English toy designer

Florence Attwood (24 July 1907 – 7 April 1952) was an English toy designer and maker who became chief designer at toy manufacturer Merrythought, producing the company's first range of toys. Attwood was responsible for some of the company's most iconic designs, including the signature Merrythought bear. Deaf from the age of two, she has since been remembered as an inspirational and pioneering figure, who "overcame many challenges" to forge a successful design career.

== Life ==
Florence May Attwood was born on 24 July 1907, the daughter of Walter Attwood and Sarah Ann (née Willetts). At the age of two, she contracted measles, which caused her to become deaf. She attended a school for the deaf in Manchester, where she studied design. Attwood was particularly skilled at design and dressmaking, moving into fabric design and pattern making. She worked first for the Chad Valley Toy Company, before being recruited to work for Merrythought, in Ironbridge, Shropshire.

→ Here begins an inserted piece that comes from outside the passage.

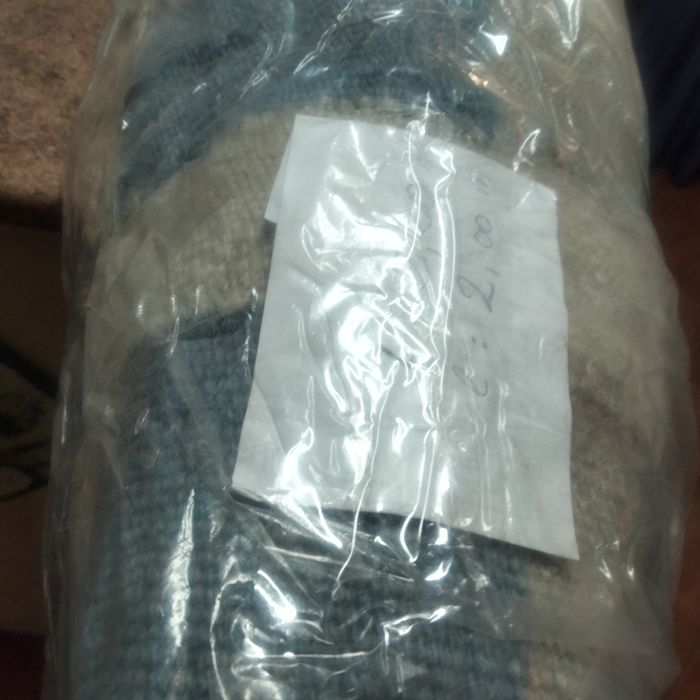 Carpete grande - Egipto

There, she was appointed chief designer. The company's first catalogue came out in 1931, showcasing Attwood's designs. Merrythought's website described Attwood's collection as "an imaginative range of 32 soft toys which included animals, play toys and dolls, alongside the original teddy bear." A second catalogue was released the following year.

Attwood's designs became well known worldwide, and increasingly collectable. Attwood was the designer of the iconic Merrythought bear, as well as "Punkinhead", which was produced by Merrythought exclusively for Eaton's department store in Canada. Attwood was responsible for most of Merrythought's designs up to 1949.

Alongside her career at Merrythought, Attwood maintained close ties with the deaf community, regularly attending Shrewsbury Deaf Club.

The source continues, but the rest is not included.